Career shapes, and leadership

I’ve been involved in several conversations recently about the shape of careers, and how there is still a lot of work to be done to move beyond the traditional male model of a continuously ascending line, peaking probably around 50 and then sliding downwards.  Of course this doesn’t accurately represent millions of men’s working lives, but it’s still the model that dominates our thinking, consciously or not.  It sidelines all those whose careers might be moving up a grade or three later in life.

The most recent conversation was at ShareAction, which does excellent applied work influencing corporate behaviour across a range of issues – most prominently on environmental issues, but now increasingly on gender.   ShareAction is now paying more and more attention to institutional investors such as asset managers and pension funds:  how to influence their behaviour, eg on gender equality, so that they in turn will bring pressure to bear on the companies they invest in.  This seems to me a very shrewd way of increasing impact.

The conversation yesterday focussed on what key questions to ask asset managers and institutional investors.  Some of the questions are very familiar, though none the less necessary for all that, eg do their recruitment procedures reflect good practice, do they have a mentoring scheme etc.  One issue which emerged, though, was how far these questions focussed on enabling more women to fit in to an existing career structure and work culture which may or may not be appropriately designed.  Instead, maybe we need to ask questions about those structures and cultures: whether they reflect particular preferences which may not actually be organisationally efficient as well as impeding women’s progression.  In particular, many women may be better suited to a double-jointed career path, which levels off around 30-40 (very roughly) but turns up again after 45.
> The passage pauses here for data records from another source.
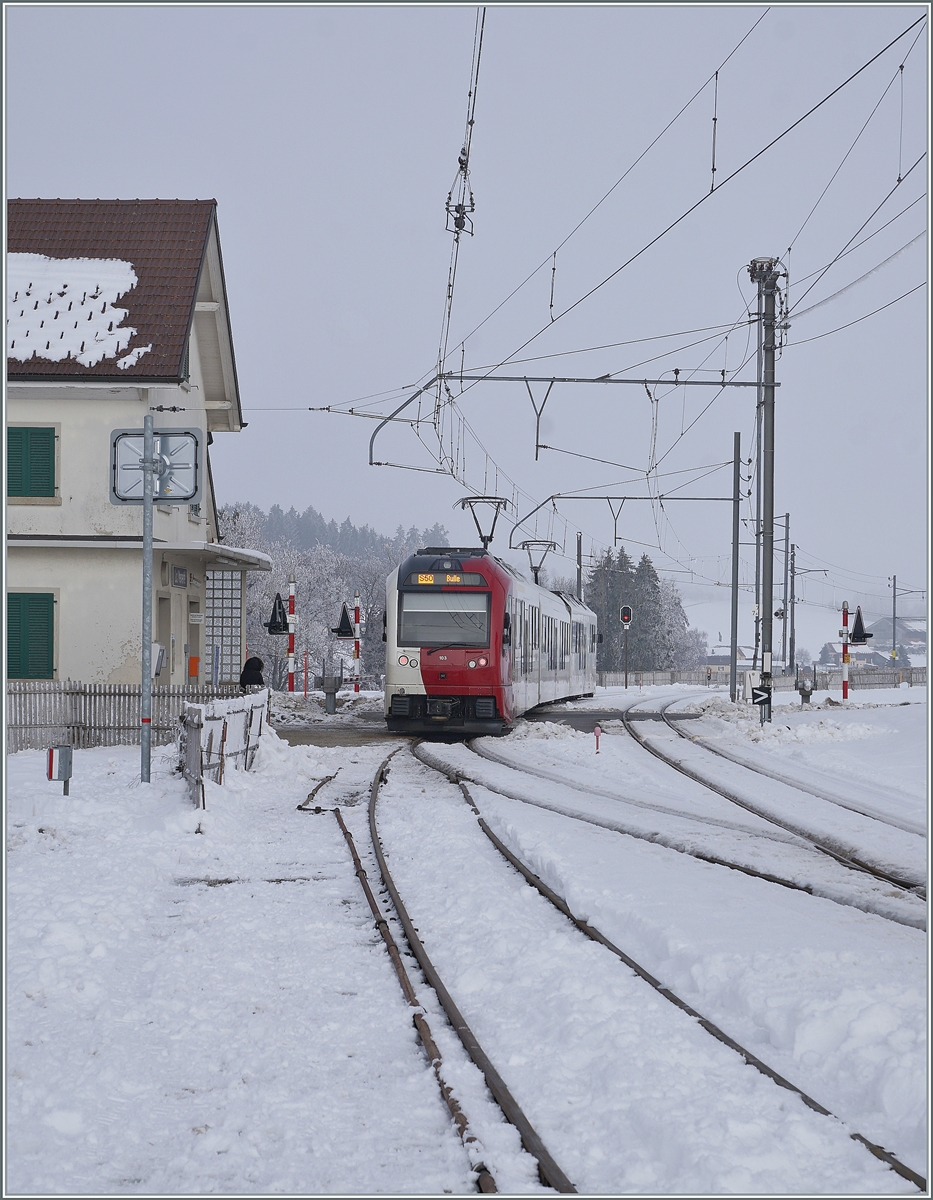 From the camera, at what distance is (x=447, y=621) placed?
21.6 meters

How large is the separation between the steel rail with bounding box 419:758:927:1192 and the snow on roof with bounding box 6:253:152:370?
50.9 feet

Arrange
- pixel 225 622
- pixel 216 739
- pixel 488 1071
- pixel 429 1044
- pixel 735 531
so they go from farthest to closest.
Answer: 1. pixel 735 531
2. pixel 225 622
3. pixel 216 739
4. pixel 429 1044
5. pixel 488 1071

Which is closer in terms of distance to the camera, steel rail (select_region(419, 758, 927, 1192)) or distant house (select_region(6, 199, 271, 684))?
steel rail (select_region(419, 758, 927, 1192))

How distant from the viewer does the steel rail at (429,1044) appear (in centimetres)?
396

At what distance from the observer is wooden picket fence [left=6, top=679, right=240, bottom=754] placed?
17.8m

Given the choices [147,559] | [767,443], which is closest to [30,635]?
[147,559]

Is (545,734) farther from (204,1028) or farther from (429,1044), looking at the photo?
(429,1044)

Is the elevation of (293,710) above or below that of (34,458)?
below

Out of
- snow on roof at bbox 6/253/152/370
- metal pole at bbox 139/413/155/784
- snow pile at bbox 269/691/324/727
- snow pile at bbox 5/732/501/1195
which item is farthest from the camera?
snow pile at bbox 269/691/324/727

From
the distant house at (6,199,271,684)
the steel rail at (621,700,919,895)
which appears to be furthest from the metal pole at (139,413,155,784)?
the distant house at (6,199,271,684)

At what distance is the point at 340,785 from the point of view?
49.2 feet

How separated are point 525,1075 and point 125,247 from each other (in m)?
22.4

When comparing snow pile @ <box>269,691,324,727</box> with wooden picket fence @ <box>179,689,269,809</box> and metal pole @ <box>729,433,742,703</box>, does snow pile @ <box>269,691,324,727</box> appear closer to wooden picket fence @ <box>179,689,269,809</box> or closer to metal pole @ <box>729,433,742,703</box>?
wooden picket fence @ <box>179,689,269,809</box>

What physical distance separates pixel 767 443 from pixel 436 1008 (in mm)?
18317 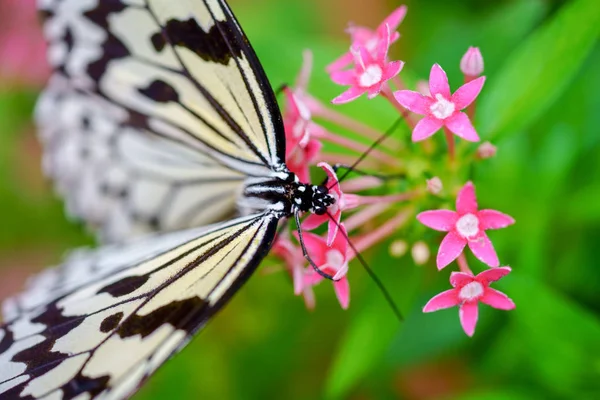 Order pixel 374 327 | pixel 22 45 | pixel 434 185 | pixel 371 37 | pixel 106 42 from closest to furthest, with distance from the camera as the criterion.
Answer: pixel 434 185
pixel 371 37
pixel 374 327
pixel 106 42
pixel 22 45

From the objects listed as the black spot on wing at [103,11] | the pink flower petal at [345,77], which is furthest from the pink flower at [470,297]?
the black spot on wing at [103,11]

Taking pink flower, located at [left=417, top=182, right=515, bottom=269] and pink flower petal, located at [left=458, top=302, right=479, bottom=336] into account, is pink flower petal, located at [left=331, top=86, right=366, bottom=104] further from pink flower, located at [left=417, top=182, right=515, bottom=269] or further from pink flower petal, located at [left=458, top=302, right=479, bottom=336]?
pink flower petal, located at [left=458, top=302, right=479, bottom=336]

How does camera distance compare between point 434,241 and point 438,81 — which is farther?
point 434,241

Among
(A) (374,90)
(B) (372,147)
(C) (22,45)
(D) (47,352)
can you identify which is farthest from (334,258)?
(C) (22,45)

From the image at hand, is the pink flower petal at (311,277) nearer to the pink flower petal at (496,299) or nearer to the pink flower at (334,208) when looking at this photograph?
the pink flower at (334,208)

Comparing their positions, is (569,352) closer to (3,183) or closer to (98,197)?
(98,197)

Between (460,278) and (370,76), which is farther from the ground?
(370,76)

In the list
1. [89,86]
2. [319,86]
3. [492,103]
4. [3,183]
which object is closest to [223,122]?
[319,86]

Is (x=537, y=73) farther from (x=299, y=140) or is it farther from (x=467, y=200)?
(x=299, y=140)

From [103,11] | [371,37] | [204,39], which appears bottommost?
[371,37] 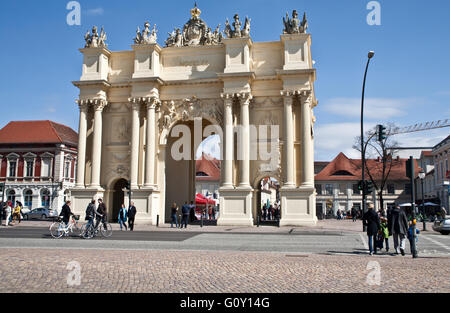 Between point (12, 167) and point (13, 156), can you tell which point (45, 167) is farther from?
point (13, 156)

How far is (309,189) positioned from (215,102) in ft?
32.1

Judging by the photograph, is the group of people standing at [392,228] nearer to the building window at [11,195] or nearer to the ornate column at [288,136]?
the ornate column at [288,136]

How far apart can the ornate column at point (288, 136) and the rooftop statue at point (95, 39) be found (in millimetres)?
15530

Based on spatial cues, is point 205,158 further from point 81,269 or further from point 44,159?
point 81,269

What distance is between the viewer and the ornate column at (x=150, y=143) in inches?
1307

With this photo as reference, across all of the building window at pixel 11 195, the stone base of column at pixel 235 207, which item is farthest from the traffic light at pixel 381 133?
the building window at pixel 11 195

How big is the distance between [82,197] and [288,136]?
54.1 ft

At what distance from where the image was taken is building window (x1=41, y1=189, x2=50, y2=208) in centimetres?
5896

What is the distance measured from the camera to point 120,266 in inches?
419

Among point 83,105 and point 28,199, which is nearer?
point 83,105

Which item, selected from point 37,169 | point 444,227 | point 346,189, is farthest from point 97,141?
point 346,189

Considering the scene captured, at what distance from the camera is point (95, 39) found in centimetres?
3559

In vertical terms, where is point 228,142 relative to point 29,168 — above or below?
below

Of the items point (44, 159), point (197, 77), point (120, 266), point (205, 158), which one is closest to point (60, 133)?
point (44, 159) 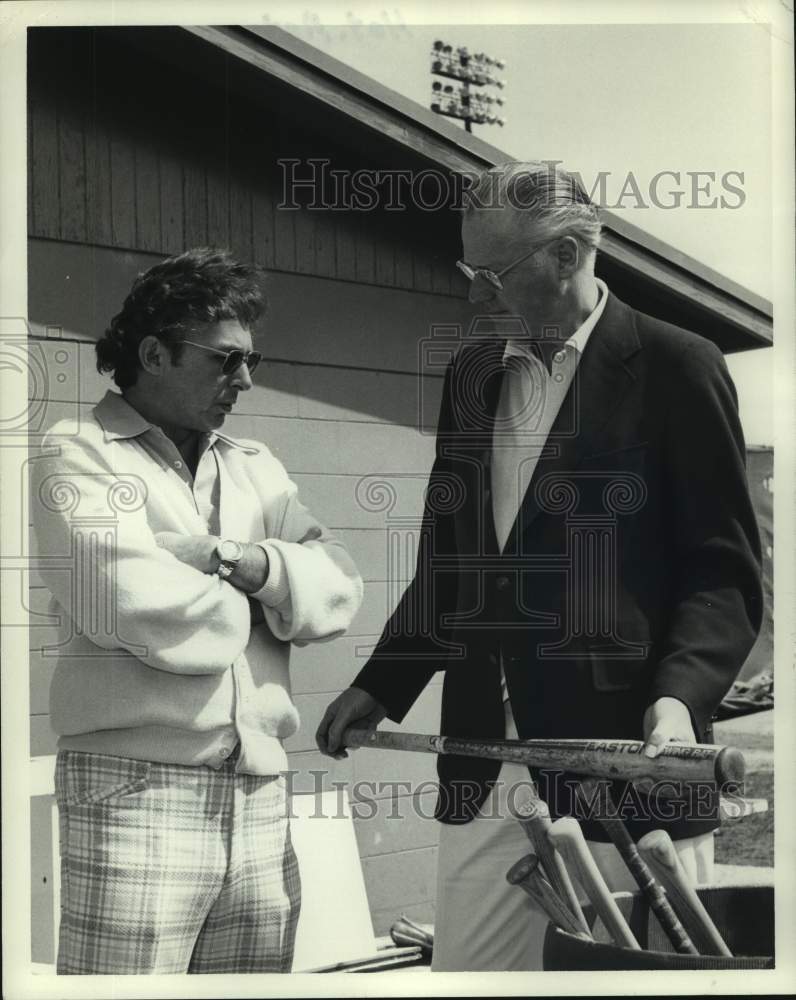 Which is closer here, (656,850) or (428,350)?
(656,850)

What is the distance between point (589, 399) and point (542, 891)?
1257 mm

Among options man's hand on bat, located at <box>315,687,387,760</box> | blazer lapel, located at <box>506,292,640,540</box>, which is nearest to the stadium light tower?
blazer lapel, located at <box>506,292,640,540</box>

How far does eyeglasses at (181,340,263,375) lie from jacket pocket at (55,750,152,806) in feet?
3.38

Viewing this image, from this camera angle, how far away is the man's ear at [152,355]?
3.66m

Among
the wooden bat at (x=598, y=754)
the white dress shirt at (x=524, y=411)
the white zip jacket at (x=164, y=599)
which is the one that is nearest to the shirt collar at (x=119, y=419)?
the white zip jacket at (x=164, y=599)

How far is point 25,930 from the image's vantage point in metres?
3.78

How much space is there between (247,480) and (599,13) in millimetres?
Answer: 1588

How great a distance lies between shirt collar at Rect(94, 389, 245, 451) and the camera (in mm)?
3621

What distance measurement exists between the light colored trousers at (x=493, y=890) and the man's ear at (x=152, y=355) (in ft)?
4.23

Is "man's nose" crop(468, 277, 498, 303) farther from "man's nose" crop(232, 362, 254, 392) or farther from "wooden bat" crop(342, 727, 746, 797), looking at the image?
"wooden bat" crop(342, 727, 746, 797)

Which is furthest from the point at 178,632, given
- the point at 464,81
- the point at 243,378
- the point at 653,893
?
the point at 464,81

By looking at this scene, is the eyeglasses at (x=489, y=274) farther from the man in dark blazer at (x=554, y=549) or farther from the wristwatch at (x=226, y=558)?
the wristwatch at (x=226, y=558)

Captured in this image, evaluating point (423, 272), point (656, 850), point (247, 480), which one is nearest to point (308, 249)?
point (423, 272)

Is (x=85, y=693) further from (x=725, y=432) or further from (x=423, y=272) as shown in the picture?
(x=725, y=432) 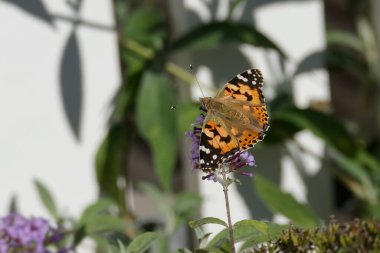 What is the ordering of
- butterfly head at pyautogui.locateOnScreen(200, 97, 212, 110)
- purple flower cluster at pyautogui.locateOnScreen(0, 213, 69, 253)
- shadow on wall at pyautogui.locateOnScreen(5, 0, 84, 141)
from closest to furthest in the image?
butterfly head at pyautogui.locateOnScreen(200, 97, 212, 110), purple flower cluster at pyautogui.locateOnScreen(0, 213, 69, 253), shadow on wall at pyautogui.locateOnScreen(5, 0, 84, 141)

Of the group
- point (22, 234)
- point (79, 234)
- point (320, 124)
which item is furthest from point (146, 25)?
point (22, 234)

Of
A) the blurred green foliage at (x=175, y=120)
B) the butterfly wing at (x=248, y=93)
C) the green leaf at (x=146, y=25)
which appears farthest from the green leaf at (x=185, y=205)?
the butterfly wing at (x=248, y=93)

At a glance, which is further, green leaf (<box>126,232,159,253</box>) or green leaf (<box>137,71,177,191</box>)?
green leaf (<box>137,71,177,191</box>)

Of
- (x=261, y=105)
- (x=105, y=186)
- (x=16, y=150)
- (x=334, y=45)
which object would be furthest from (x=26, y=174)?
(x=334, y=45)

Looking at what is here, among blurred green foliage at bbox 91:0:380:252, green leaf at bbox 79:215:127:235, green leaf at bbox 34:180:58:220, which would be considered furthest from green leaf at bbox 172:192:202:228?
green leaf at bbox 34:180:58:220

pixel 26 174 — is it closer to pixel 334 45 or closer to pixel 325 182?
pixel 325 182

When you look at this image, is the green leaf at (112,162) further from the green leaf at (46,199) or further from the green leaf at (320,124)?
the green leaf at (320,124)

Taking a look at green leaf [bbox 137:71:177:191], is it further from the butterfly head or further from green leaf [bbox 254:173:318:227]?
the butterfly head

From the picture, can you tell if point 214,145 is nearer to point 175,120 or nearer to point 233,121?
point 233,121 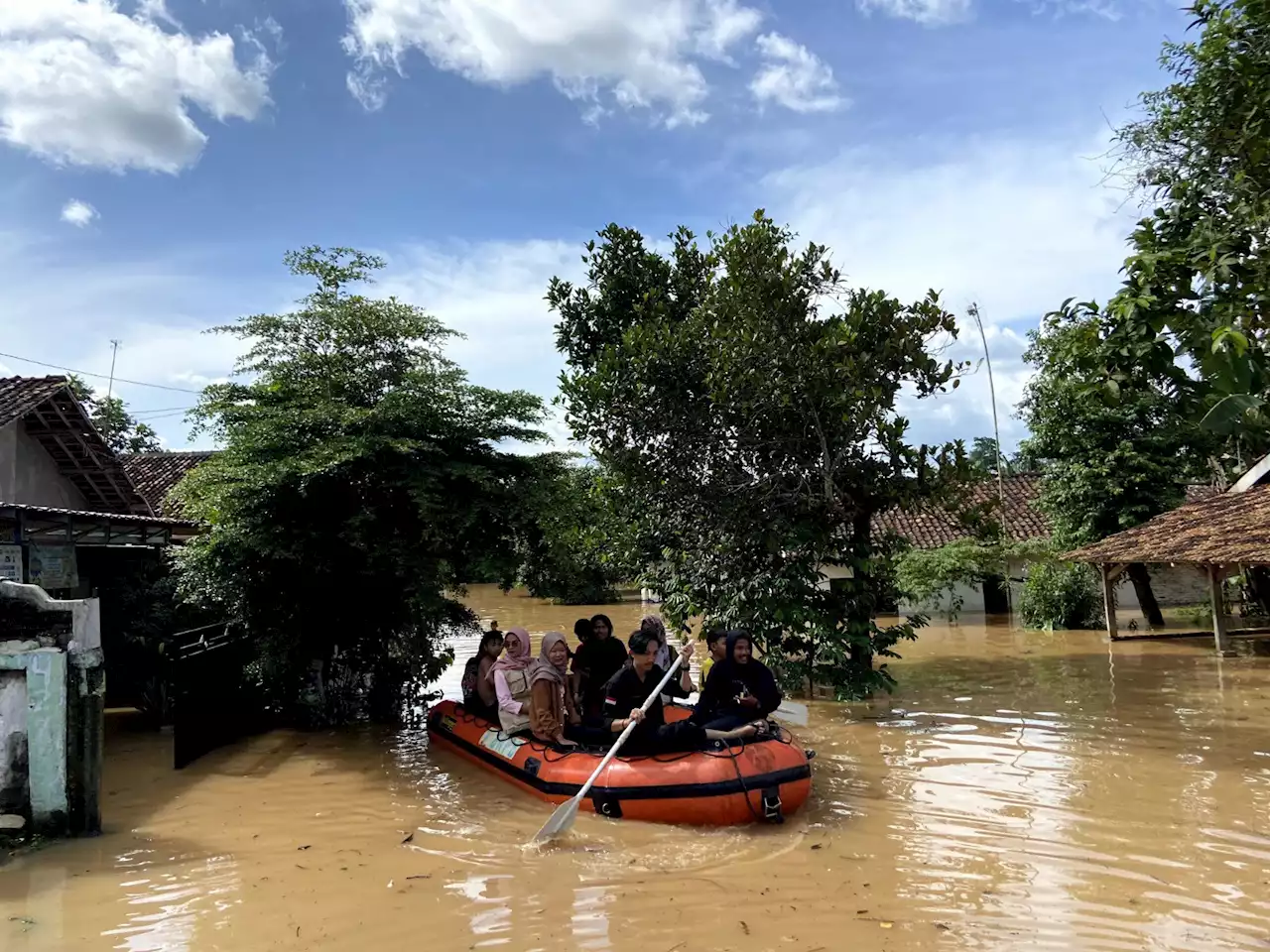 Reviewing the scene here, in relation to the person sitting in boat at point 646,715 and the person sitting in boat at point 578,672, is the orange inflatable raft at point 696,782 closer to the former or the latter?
the person sitting in boat at point 646,715

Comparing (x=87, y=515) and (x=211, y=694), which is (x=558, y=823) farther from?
(x=87, y=515)

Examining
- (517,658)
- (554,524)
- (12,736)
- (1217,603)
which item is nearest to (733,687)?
(517,658)

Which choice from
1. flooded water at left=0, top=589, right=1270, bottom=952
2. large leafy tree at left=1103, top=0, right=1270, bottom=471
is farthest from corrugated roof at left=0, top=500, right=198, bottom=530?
large leafy tree at left=1103, top=0, right=1270, bottom=471

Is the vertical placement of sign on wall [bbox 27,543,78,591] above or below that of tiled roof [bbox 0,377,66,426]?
below

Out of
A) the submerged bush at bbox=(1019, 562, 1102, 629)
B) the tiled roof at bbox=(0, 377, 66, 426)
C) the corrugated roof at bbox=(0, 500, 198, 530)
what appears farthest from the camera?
the submerged bush at bbox=(1019, 562, 1102, 629)

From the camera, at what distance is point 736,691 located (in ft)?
25.8

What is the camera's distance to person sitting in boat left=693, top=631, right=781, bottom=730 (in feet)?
25.6

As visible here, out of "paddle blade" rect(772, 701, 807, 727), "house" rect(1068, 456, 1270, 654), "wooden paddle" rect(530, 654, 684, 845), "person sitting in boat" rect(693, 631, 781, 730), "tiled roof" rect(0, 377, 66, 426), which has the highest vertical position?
"tiled roof" rect(0, 377, 66, 426)

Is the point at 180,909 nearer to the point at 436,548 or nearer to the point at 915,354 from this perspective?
the point at 436,548

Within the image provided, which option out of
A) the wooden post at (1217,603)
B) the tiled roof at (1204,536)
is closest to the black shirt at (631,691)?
the tiled roof at (1204,536)

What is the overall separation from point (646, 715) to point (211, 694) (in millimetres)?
5351

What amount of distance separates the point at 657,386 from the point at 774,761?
19.7 feet

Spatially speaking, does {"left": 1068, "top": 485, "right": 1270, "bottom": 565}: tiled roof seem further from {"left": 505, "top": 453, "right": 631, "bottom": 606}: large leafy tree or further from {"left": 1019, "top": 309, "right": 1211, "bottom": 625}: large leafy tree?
{"left": 505, "top": 453, "right": 631, "bottom": 606}: large leafy tree

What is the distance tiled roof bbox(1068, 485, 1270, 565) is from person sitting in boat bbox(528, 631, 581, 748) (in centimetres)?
1172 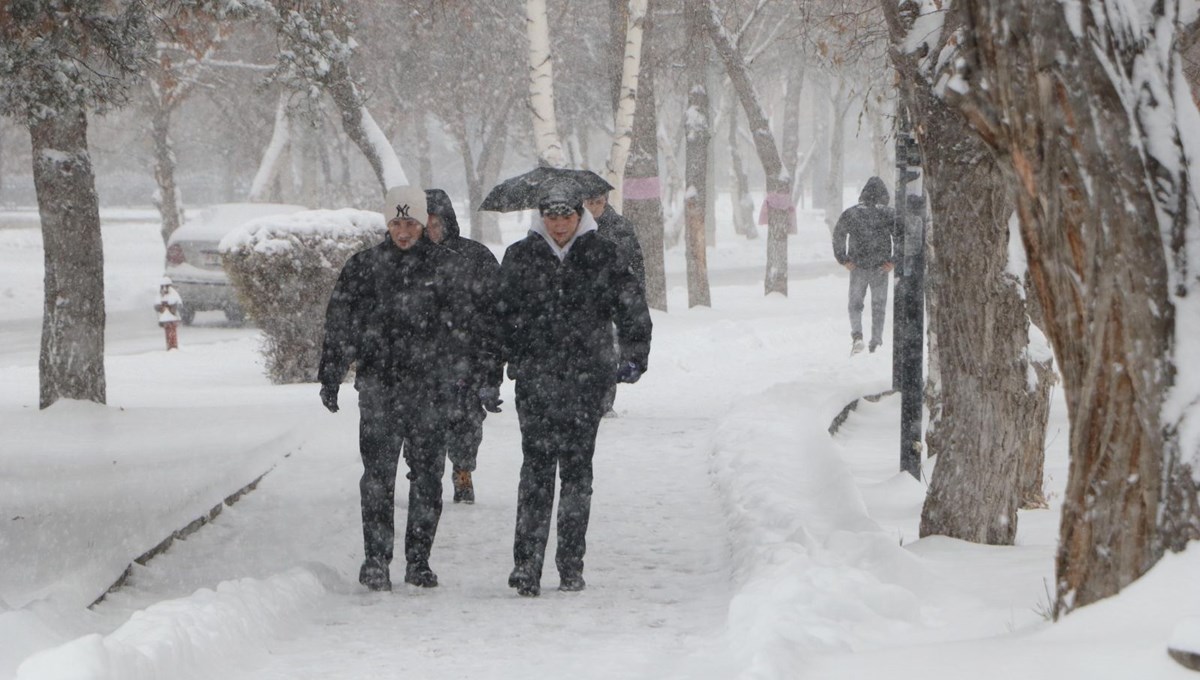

The next day I came across fresh evidence on this, from a HBR paper by Jack Zenger and Joseph Folkman .  They look at leadership, drawing on data from many thousands of 360o reviews.  Their central conclusion is that women are rated more rather than less effective as leaders.  I’ll come to a couple of interesting aspects;  but they include two charts which make exactly the point about gender differences in career trajectories and shapes.

Although there is increasing gender equality in the first part  of many professional careers, the first chart shows how women still rate themselves as less confident until well into mid-career.  By the way this doesn’t necessarily mean they are lacking in confidence;  it could be – it could well be – that they just have a more accurate idea of their own competences.

Anyway, we then see that men’s confidence declines over time.  In some cases, to be a little harsh, this might be because they have come to realise that they illustrate the Peter Principle, and have been promoted beyond their competence level.   Or they just have come to a more realistic view of themselves.  Either way, the crossovers are striking.

The two capabilities where Zenger and Folkman find that men are rated higher than women are ‘develops strategic perspective’ and ‘technical or professional expertise’.  On all the others, from ‘bold leadership’ and ‘motivates others’ to ‘communicates powerfully’, women were seen as outperforming men. Strikingly, the largest gap was in ‘taking initiative’ where women scored 55.6 compared to men’s 48.2.  Amongst the other top differences were ‘practices self-development’ (54/8/49.6) and ‘develops others’ (54.1/49.8).

In short: a) women go on building human capital across the life course;  and b) the trajectories of their careers, as leaders but not only at that level, differ considerably from the conventional male pattern. So let’s have a broader view of when and how progression should be happening.  And let’s think about what I called in the PP ‘reverse convergence’ – enabling more men to follow unconventional career patterns.